Personal information
- Born: February 23, 1936 Terrassa, Spain
- Died: May 29, 2021 (aged 85) Terrassa, Spain

Chess career
- Country: Spain
- Title: International Master (1959)

= Miguel Farré Mallofré =

Spanish pianist and chess player (1936–2021)

Miguel Farré Mallofré (23 February 1936 – 29 May 2021), Catalan spelling Miquel Farré i Mallofré, was a Spanish pianist and music professor from Terrassa, Catalonia. As a young man, he was one of Spain's leading chess players, gaining the title of International Master in 1959 and representing Spain at two Chess Olympiads.

==Chess career==
Miguel Farré Mallofré participated in two World junior championships in 1953 and 1955. In 1953 he finished second in the "B" final (10th overall); in 1955 he finished third behind Boris Spassky and Edmar Mednis.

He finished second in the Catalan championship in 1955 and 1957, and was second in the 1957 Spanish championship behind Arturo Pomar.

Farré represented Spain at two Chess Olympiads. In 1958, on board 4, he scored 10/15; in 1960 he scored 8½/15. He was awarded the International Master title in 1959.
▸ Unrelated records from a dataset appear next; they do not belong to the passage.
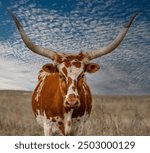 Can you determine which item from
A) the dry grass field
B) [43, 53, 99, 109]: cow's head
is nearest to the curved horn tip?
[43, 53, 99, 109]: cow's head

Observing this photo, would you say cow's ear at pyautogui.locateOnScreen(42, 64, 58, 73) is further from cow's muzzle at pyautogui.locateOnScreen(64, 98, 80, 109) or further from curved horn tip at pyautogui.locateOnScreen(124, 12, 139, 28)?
curved horn tip at pyautogui.locateOnScreen(124, 12, 139, 28)

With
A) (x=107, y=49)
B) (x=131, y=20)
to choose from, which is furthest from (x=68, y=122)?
(x=131, y=20)

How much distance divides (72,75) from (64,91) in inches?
3.9

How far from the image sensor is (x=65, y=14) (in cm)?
390

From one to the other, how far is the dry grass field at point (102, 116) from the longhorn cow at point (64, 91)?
0.29 metres

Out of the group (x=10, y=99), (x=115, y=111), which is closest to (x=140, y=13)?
(x=115, y=111)

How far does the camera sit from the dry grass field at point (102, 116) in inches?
154

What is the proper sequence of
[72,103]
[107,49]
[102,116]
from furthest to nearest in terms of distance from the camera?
[102,116] → [107,49] → [72,103]

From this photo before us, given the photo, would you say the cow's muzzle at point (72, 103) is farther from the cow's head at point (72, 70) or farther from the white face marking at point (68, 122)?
the white face marking at point (68, 122)

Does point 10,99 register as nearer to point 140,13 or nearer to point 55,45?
point 55,45

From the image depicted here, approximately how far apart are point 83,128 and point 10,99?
76 centimetres

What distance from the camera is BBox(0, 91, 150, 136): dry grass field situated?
12.9 ft

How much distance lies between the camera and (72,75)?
3248mm

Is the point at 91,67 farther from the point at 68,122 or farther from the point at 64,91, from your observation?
the point at 68,122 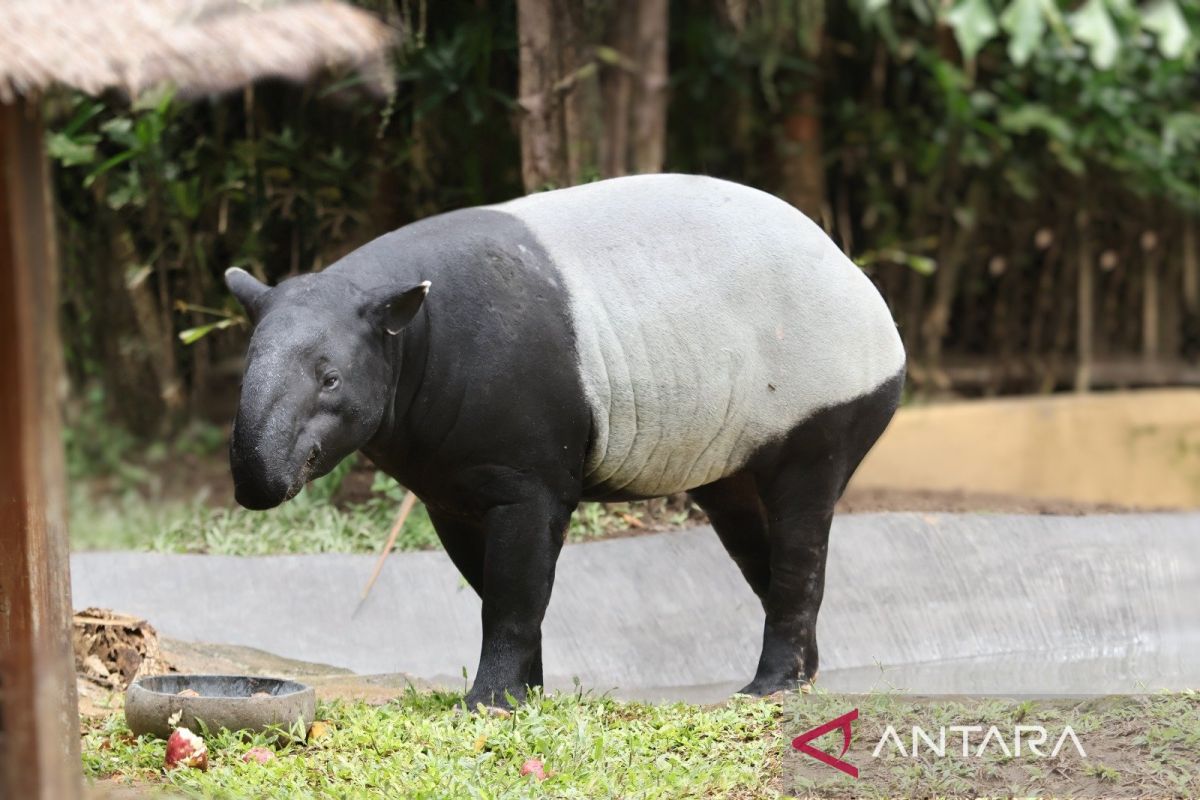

His last major tournament was in Torremolinos in 1961, where he finished in a tie for fourth place behind Svetozar Gligoric and Arturo Pomar. After this, he gave up high level chess to concentrate on his musical career. He remained an active member of his club CE Terrassa, representing them in the Spanish Team Championship until 1981.

==Music career==
In 1954, Farré won the inaugural Maria Canals International Music Competition.
In 1968, he became the chair of the piano department at the Municipal Conservatory of Barcelona, a position he occupied until his death.